Items listed in a dataset:
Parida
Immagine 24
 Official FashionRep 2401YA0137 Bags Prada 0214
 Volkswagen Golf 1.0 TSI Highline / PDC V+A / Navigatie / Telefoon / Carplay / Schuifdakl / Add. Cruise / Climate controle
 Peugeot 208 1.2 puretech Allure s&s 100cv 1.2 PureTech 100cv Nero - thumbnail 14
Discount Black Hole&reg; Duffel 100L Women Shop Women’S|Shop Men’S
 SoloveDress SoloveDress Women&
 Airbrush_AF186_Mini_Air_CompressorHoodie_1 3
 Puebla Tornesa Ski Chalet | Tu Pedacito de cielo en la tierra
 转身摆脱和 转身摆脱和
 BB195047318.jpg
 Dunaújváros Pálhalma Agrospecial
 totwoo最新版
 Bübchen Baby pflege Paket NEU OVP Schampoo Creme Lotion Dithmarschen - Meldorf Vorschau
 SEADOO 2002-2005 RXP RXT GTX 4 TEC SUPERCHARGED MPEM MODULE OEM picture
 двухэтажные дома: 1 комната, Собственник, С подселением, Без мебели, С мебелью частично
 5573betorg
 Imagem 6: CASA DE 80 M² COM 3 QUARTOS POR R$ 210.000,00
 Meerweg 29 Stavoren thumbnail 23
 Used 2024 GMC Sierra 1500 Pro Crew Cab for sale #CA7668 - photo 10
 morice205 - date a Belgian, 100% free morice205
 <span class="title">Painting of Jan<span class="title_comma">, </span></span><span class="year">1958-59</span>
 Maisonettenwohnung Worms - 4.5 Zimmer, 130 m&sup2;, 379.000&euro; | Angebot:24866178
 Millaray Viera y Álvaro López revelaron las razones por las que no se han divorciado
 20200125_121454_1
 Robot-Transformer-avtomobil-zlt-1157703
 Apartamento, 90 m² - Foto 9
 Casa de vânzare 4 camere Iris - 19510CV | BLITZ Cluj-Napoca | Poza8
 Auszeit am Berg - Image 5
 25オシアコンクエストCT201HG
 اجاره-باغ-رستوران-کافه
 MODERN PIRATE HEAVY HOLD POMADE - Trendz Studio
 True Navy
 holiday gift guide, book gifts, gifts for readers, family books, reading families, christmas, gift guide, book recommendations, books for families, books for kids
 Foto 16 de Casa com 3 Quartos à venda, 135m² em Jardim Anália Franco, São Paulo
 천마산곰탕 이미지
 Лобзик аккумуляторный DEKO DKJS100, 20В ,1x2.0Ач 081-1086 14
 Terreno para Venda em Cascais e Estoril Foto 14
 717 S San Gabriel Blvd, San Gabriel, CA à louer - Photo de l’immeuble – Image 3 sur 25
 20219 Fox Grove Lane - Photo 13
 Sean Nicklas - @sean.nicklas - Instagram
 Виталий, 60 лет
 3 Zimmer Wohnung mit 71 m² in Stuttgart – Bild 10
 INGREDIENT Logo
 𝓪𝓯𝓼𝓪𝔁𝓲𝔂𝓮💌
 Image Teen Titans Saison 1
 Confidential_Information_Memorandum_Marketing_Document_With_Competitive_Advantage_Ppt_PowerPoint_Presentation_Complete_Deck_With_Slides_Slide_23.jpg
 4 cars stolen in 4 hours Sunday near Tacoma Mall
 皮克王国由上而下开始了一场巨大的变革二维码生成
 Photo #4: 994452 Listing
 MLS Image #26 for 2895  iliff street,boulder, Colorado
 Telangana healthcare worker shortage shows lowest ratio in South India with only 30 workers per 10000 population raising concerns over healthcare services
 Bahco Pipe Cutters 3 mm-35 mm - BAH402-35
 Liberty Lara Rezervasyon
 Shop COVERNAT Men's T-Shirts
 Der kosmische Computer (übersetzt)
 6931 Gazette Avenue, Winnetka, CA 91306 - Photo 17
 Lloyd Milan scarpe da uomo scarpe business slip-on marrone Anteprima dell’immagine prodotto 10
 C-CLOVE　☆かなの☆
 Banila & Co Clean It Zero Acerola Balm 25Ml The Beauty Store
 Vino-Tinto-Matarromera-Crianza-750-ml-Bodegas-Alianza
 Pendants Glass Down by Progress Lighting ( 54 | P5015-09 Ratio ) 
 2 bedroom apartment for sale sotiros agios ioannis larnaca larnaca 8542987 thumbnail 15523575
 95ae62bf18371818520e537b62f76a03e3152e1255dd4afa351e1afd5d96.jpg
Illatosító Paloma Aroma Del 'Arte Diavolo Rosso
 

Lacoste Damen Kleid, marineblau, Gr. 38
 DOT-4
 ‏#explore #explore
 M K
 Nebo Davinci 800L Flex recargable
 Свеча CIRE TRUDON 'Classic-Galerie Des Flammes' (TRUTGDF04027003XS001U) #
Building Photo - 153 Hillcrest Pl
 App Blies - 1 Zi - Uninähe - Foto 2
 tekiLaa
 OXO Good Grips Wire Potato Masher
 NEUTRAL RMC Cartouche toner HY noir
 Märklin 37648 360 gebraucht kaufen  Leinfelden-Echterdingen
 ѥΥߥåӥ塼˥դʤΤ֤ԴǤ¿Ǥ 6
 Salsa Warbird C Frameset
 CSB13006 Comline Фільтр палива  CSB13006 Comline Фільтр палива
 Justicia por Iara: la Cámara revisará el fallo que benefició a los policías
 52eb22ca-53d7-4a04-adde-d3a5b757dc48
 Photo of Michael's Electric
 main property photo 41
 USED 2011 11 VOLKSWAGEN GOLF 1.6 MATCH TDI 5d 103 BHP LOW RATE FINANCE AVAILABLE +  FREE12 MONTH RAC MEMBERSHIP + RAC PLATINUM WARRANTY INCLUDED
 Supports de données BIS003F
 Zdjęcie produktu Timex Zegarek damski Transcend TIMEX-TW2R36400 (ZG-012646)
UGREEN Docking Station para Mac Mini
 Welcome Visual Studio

What is expected
Tell how many lines of the data above include the string "thumbnail", with no other text in the answer.

Written response
3